**Work instructions**
Exactly the lines below from the one with "this 850×436 image." up to and including the one with "this 1270×952 image." make up the answer, with nothing else added.

[Opening Input for this task section]

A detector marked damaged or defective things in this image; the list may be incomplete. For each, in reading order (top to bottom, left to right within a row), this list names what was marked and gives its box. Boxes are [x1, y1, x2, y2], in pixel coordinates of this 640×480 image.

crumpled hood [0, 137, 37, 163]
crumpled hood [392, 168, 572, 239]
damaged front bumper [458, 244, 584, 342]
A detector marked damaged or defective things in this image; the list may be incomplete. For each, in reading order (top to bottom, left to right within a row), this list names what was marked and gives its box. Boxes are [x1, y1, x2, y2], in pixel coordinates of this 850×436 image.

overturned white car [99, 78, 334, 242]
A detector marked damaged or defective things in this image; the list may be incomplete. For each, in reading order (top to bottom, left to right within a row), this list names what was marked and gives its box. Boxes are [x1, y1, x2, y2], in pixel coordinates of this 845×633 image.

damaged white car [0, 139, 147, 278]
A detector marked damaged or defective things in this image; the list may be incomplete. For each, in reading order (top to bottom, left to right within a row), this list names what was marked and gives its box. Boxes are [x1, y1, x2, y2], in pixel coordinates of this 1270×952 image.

[Closing Input for this task section]
[Opening Input for this task section]

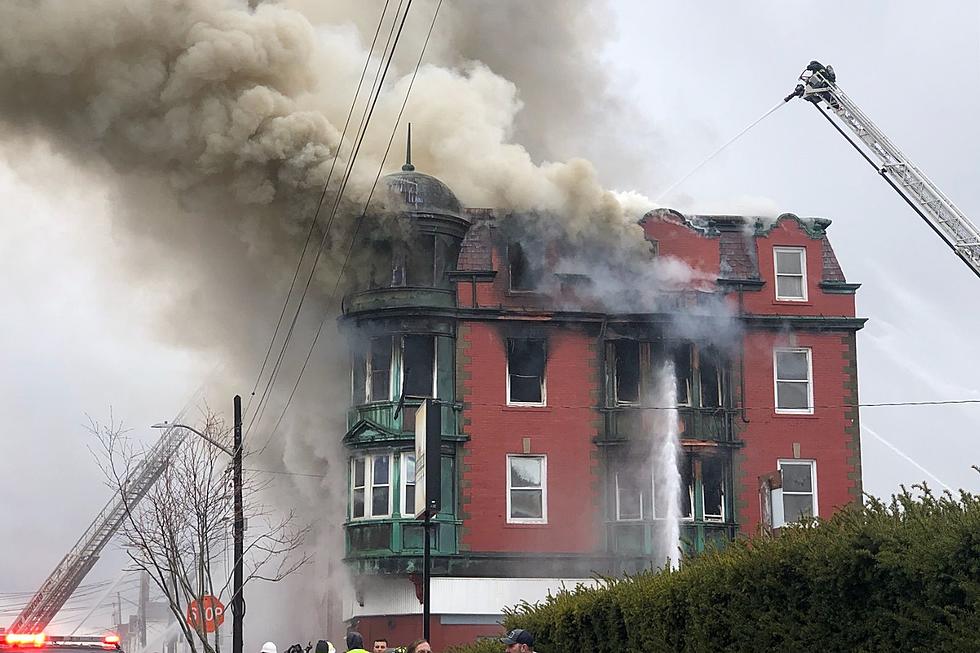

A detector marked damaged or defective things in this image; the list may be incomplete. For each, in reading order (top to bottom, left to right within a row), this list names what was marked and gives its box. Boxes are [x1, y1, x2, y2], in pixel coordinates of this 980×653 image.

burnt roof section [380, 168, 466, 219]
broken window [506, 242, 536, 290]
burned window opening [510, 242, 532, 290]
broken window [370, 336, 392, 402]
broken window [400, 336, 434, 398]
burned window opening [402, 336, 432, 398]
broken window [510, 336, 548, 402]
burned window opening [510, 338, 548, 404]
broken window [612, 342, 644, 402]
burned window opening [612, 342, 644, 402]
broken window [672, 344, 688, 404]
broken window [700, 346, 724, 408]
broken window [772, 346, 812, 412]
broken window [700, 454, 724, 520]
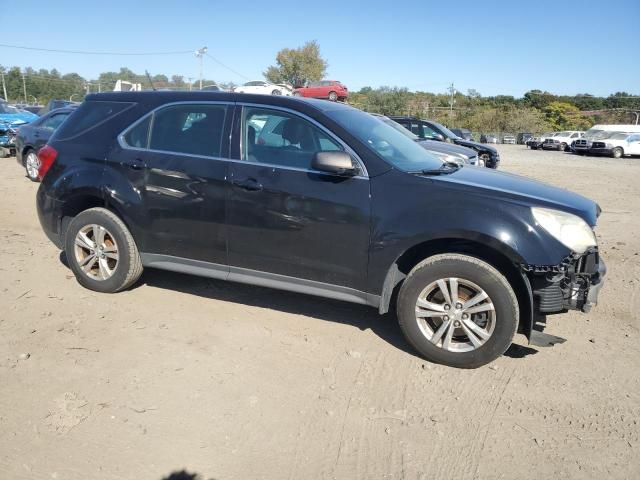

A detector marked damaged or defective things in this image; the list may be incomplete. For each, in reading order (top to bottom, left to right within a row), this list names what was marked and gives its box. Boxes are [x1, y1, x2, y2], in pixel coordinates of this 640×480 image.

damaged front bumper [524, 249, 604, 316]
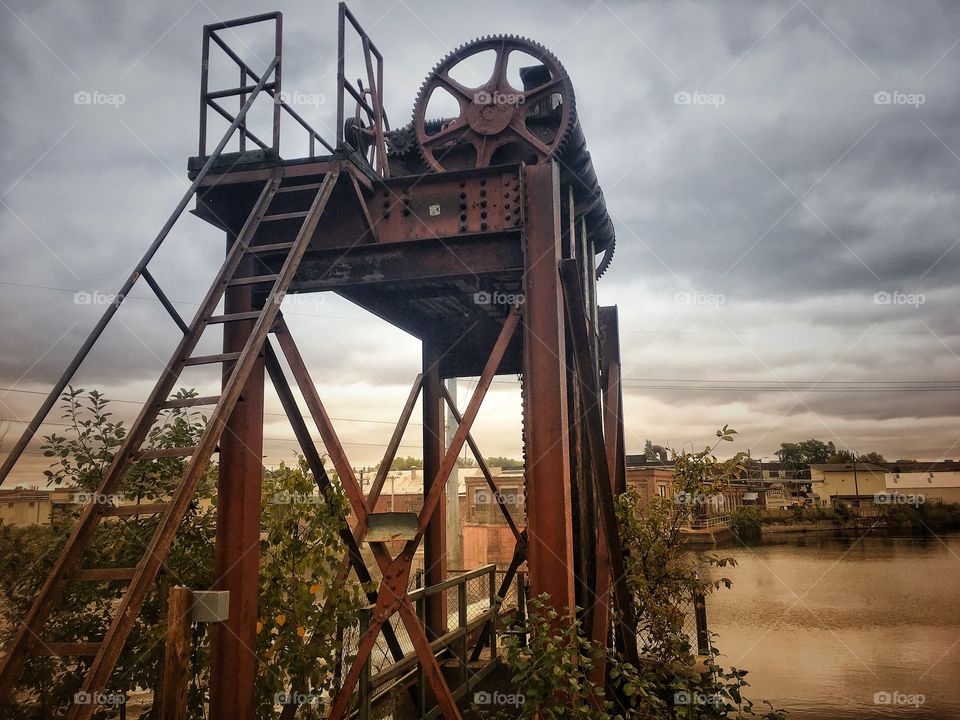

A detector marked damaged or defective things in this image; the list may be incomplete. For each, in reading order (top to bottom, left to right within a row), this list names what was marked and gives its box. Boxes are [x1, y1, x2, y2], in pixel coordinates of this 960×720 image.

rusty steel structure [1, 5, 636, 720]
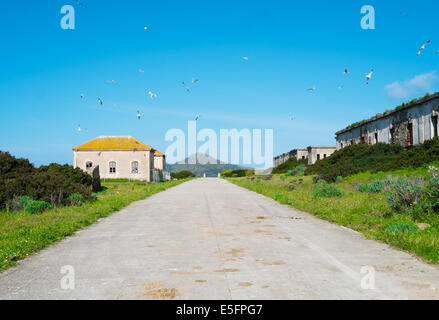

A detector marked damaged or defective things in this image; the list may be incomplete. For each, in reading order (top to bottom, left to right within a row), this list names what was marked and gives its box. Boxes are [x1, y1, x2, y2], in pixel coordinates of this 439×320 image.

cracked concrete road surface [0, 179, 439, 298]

[Closing Input for this task section]

**Response box**
A detector marked damaged or defective things in this image; the list may be incomplete. For each, in reading order (top to bottom, left to right within a row), this list names what was marked and gives its box. Boxes are [x1, y1, x2, y2], in pixel coordinates of this 850×436 image.

overturned white car [99, 78, 334, 242]
A detector marked damaged or defective things in this image; the list may be incomplete. For each, in reading order (top to bottom, left to right within a row), this list names what was marked and gives its box. Boxes are [x1, y1, x2, y2], in pixel coordinates of this 845×633 image.

damaged white car [0, 139, 147, 278]
A detector marked damaged or defective things in this image; the list may be incomplete. For each, in reading order (top to bottom, left to right within a row), this list names what was marked and gives its box. Boxes are [x1, y1, x2, y2], in pixel coordinates of this 1270×952 image.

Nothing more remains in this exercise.